*What is needed*
Repeat the listing exactly. Do not carry over any pictures.

*Material for the task*

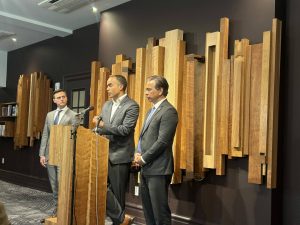 Attorney General Nick Brown, center, speaks to reporters alongside California Attorney General Rob Bonta, right, and Oregon Attorney General Dan Rayfield, left, before an event at Town Hall Seattle on Monday, June 2, 2025. (Photo by Jake Goldstein-Street/Washington State Standard)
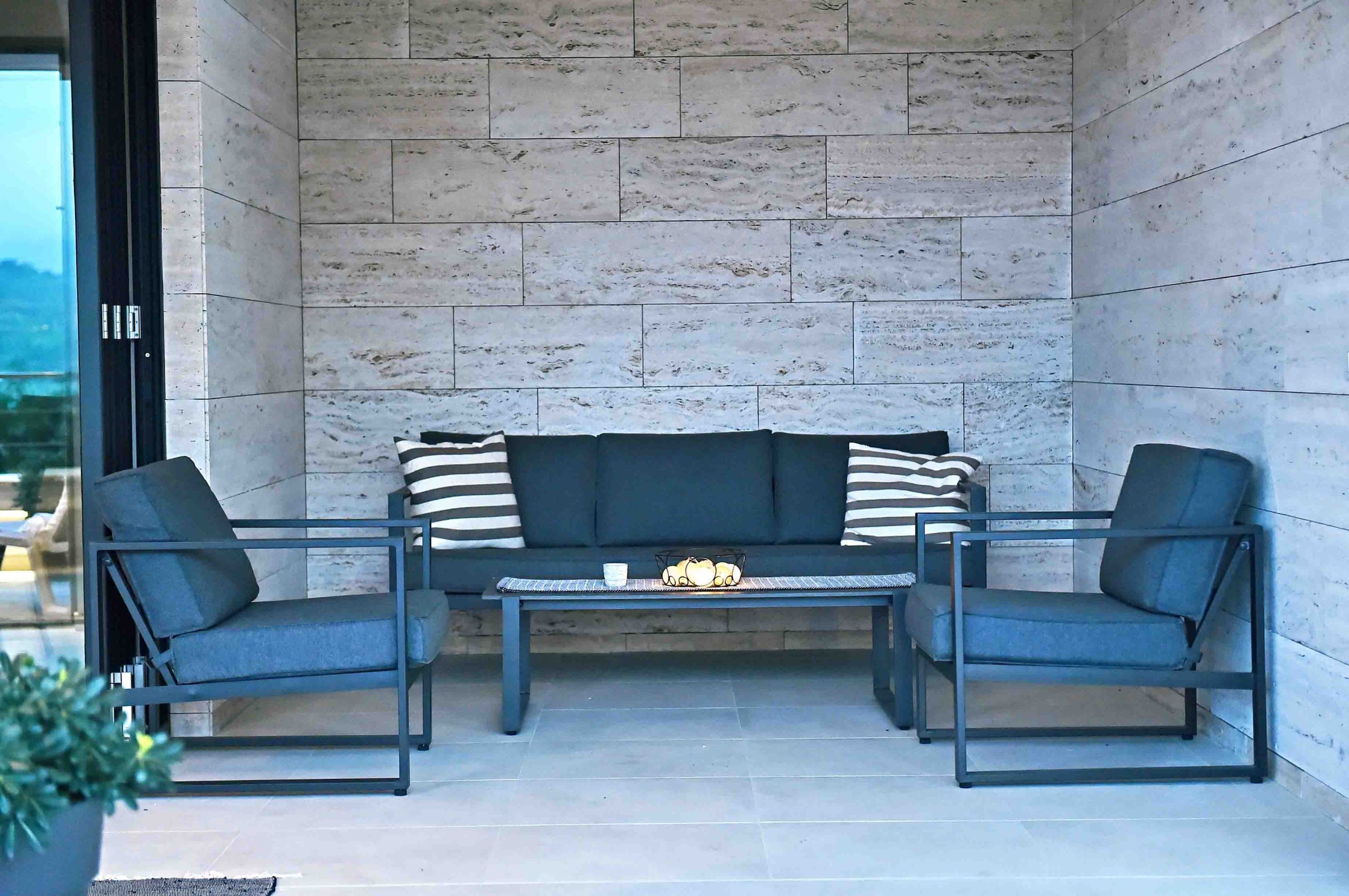 Un espace de détente extérieur moderne, comprenant un canapé et deux fauteuils, une petite table et un objet décoratif.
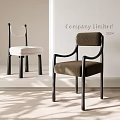 Modern Minimalist Dining Chairs With White And Brown Cushions And Black Frames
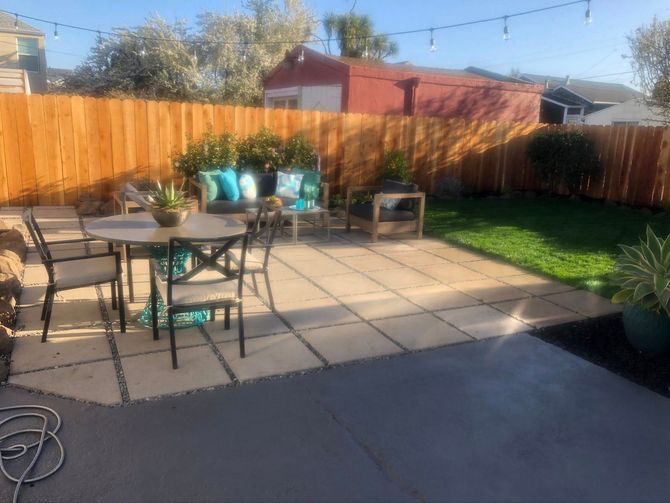 Backyard patio with table and chairs, potted plants, and a wooden fence in sunlight
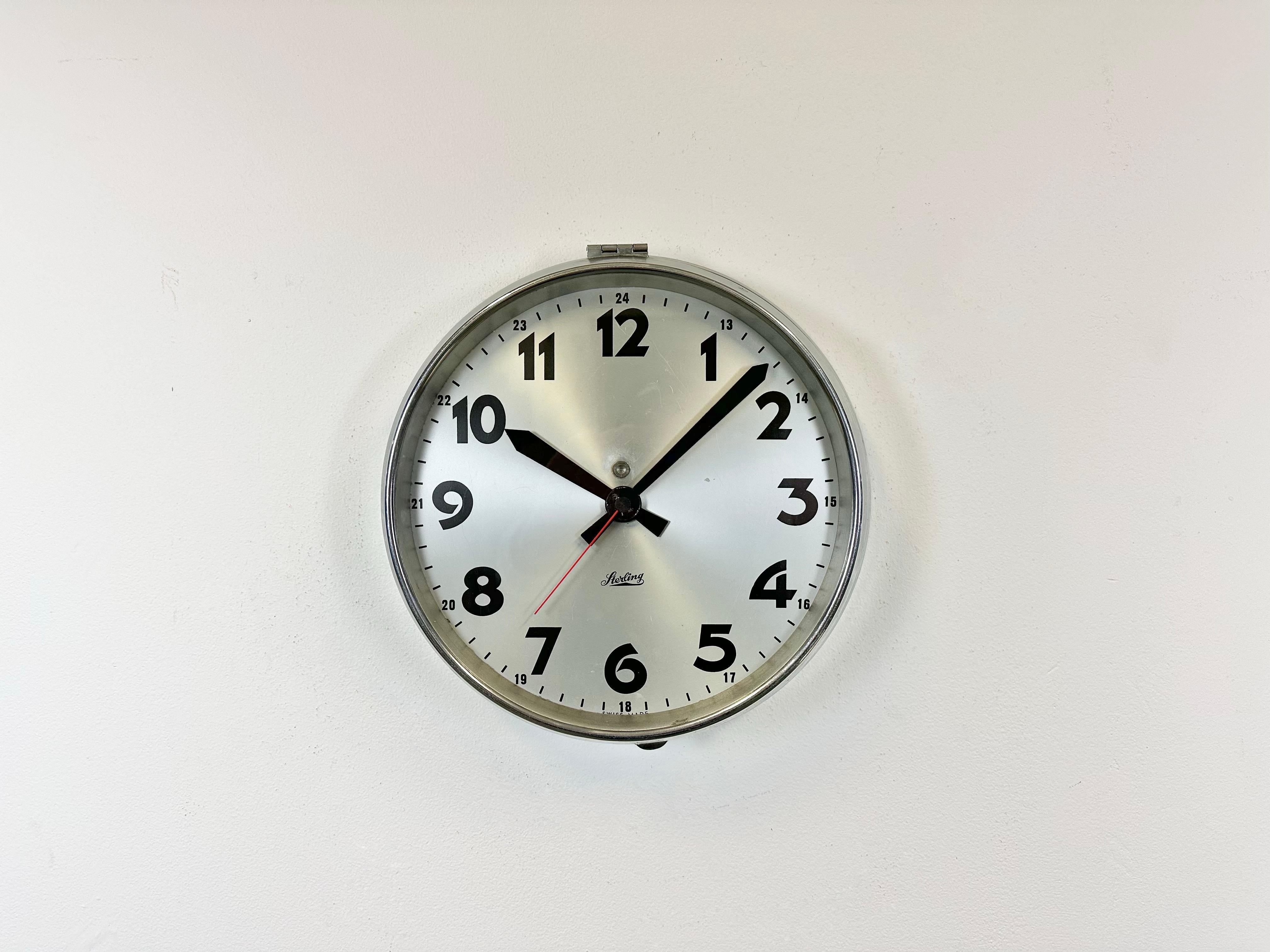 Vintage Industrial wall clock made by Sterling in Switzerland during the 1960s. It features a metal chrome plated frame, a silver metal dial, an aluminium hands and a clear glass cover. The piece has been converted into a battery-powered clockwork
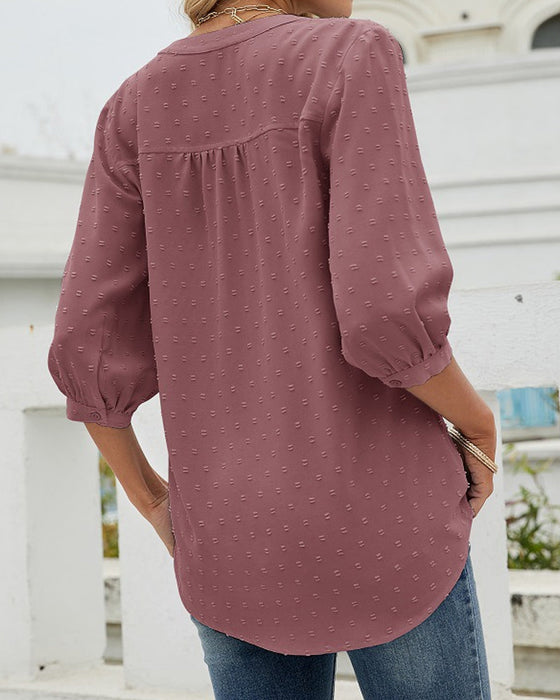 Chemise à col montant et manches mi-longues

*Solution for this task*
 Attorney General Nick Brown, center, speaks to reporters alongside California Attorney General Rob Bonta, right, and Oregon Attorney General Dan Rayfield, left, before an event at Town Hall Seattle on Monday, June 2, 2025. (Photo by Jake Goldstein-Street/Washington State Standard)
 Un espace de détente extérieur moderne, comprenant un canapé et deux fauteuils, une petite table et un objet décoratif.
 Modern Minimalist Dining Chairs With White And Brown Cushions And Black Frames
 Backyard patio with table and chairs, potted plants, and a wooden fence in sunlight
 Vintage Industrial wall clock made by Sterling in Switzerland during the 1960s. It features a metal chrome plated frame, a silver metal dial, an aluminium hands and a clear glass cover. The piece has been converted into a battery-powered clockwork
 Chemise à col montant et manches mi-longues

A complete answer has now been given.